[Prompt]: Word for word, restate the lines of the data below between those holding "Cross Symbols Glyph" and "Maybelline Fit Me", inclusive; pictures do not belong in the copy.

** Opening Provided records block **

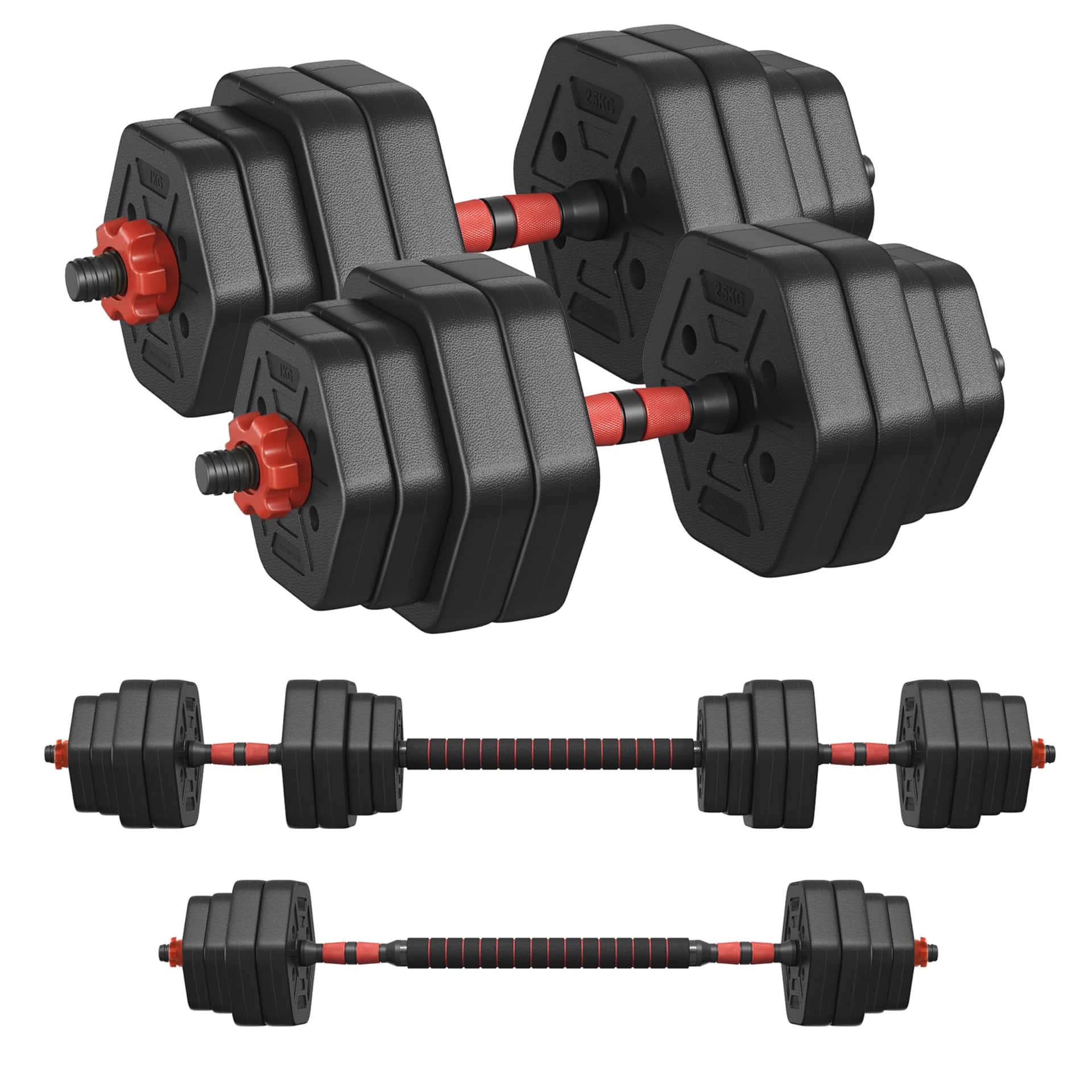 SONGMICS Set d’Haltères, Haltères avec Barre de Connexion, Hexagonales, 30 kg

** Closing Provided records block **
** Opening Provided records block **

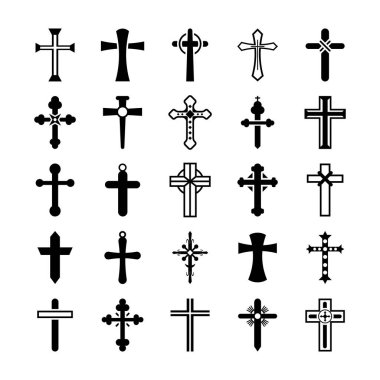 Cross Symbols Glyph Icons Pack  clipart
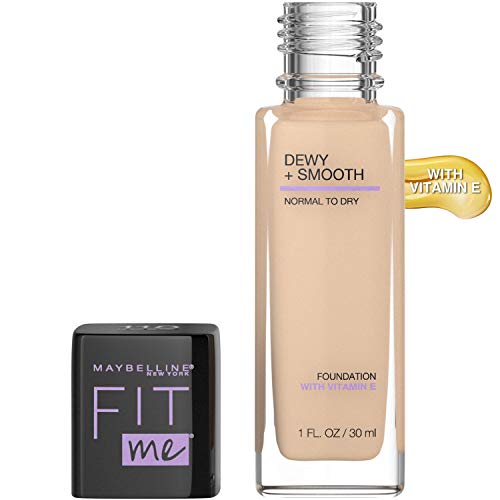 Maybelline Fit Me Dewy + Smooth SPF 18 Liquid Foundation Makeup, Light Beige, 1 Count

** Closing Provided records block **

[Written answer]:
 Cross Symbols Glyph Icons Pack  clipart
 Maybelline Fit Me Dewy + Smooth SPF 18 Liquid Foundation Makeup, Light Beige, 1 Count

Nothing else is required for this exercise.